The figure underscores a persistent tension in crypto compliance: blockchain transactions are transparent and traceable, but identifying the beneficial owners behind addresses and determining intent remains difficult. CoinEx did not immediately respond to requests for comment.
U.S. regulators have long flagged sanctions evasion as a priority. The Financial Crimes Enforcement Network (FinCEN) requires money services businesses to file Suspicious Activity Reports when they detect transfers linked to sanctioned jurisdictions, and to freeze accounts when legally mandated. Enforcement actions against other platforms have included civil penalties and asset seizures.
The scale of transactions through CoinEx is notable given that major U.S.-regulated exchanges like Kraken and Coinbase maintain compliance teams and geographic restrictions specifically designed to prevent sanctioned-country access. Whether CoinEx operates comparable controls, and whether it has reported any suspicious activity to regulators, are not clear from the available record.
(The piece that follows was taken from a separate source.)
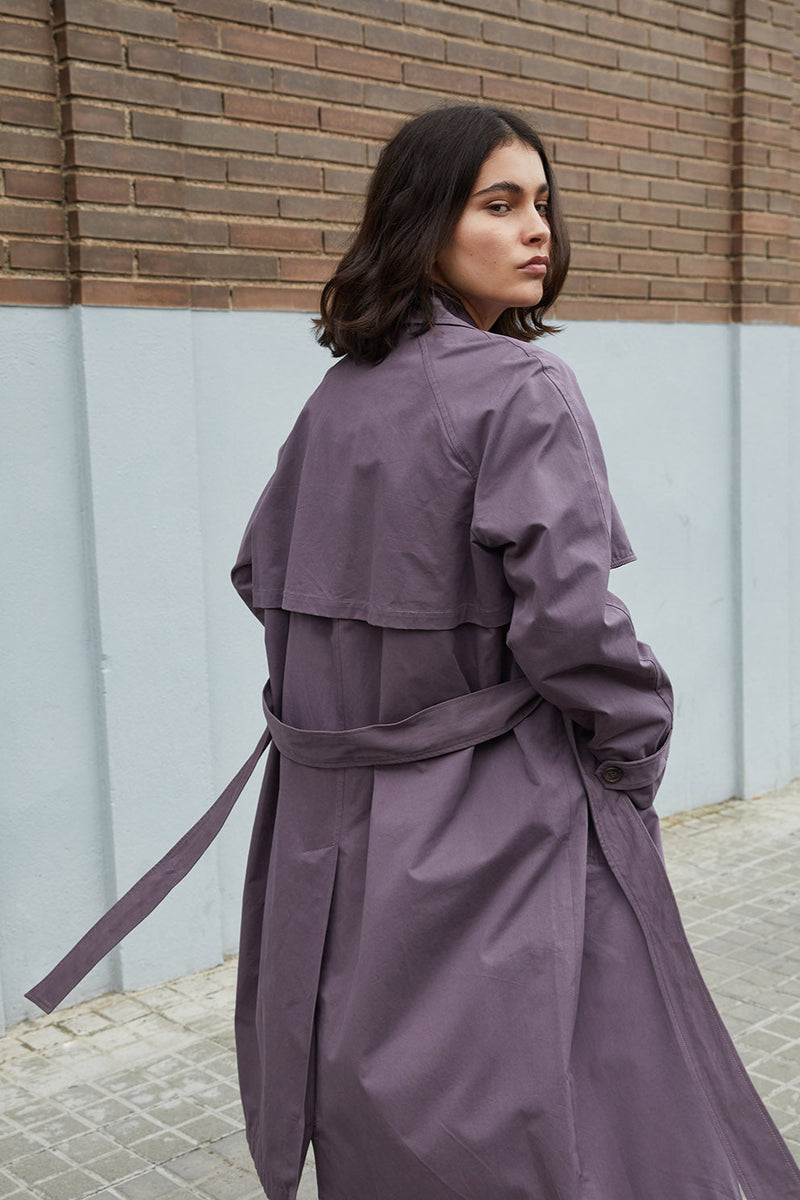 Louise Trench Coat in Dark Mauve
Blockchain analysis firms can identify wallet clusters and trace fund flows with high confidence, but they cannot definitively prove beneficial ownership or intent behind a transaction without additional intelligence. A $3.84 billion flow could represent a mix of prohibited transfers, legitimate peer-to-peer activity by residents of Iran, and mislabeled or misclassified addresses. Forensic detail from law enforcement or regulatory filings would be needed to establish which transactions violated sanctions.
CoinEx is registered in the Seychelles and operates globally without formal U.S. broker-dealer licensing, which gives it different compliance obligations than domestic U.S. exchanges. That regulatory structure also limits the jurisdiction available to U.S. authorities if the platform is found to have knowingly facilitated sanctions evasion.
The disclosure arrives as sanctions compliance in crypto remains under intensive scrutiny. The U.S. Treasury has sanctioned multiple crypto wallet addresses and exchanges in recent years, and federal investigators have pursued cases against platforms and individuals for operating unregistered money services. Regulatory clarity on exchange responsibilities in jurisdictions without clear licensing frameworks remains sparse.